Das Freibad am Cossebauder Stausee war bisher nur mit jährlichen Vertragsverlängerungen betrieben worden. Nun hat die Stadt Dresden ihre Vereinbarung mit der Vattenfall Wasserkraft GmbH verlängert und damit den Erhalt der Anlage für weitere sechs Jahre sichergestellt.
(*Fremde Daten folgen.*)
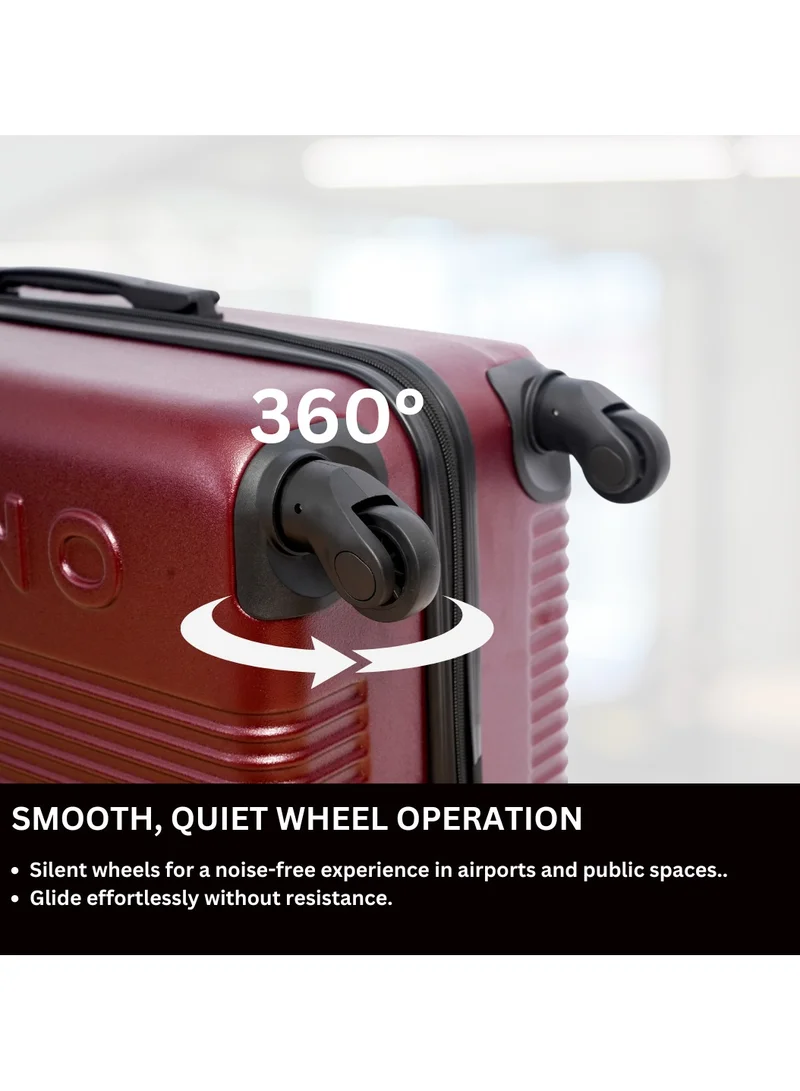 GIORDANO GIORDANO Logo Series Carry-On Small Cabin Suitcase Maroon, ABS Hard Shell Lightweight Durable 4 Wheels Luggage Trolley Bag 20" With Secure 3 Digit Number Lock.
Das Pumpspeicherkraftwerk Niederwartha, das 2024 abgeschaltet wurde, schlägt hingegen einen neuen Weg ein. Nach Ablauf der städtischen Pachtverträge ging das Gelände an ein Joint Venture über – die Enersys GmbH und die Niederwartha Energie GmbH. Geplant ist die Umwandlung des ehemaligen Kraftwerks in ein Zentrum für die Produktion von grünem Wasserstoff und Energiespeicherung.
Die verlängerte Pacht garantiert den Betrieb des Freibads bis 2030 und gibt den Besuchern Planungssicherheit. Für den Standort Niederwartha bedeutet die Umstellung auf grünen Wasserstoff und Speichertechnologien eine neue Phase der industriellen Nutzung. Beide Entscheidungen zeigen Dresdens Ansatz, öffentliche Einrichtungen mit nachhaltigen Energieprojekten in Einklang zu bringen.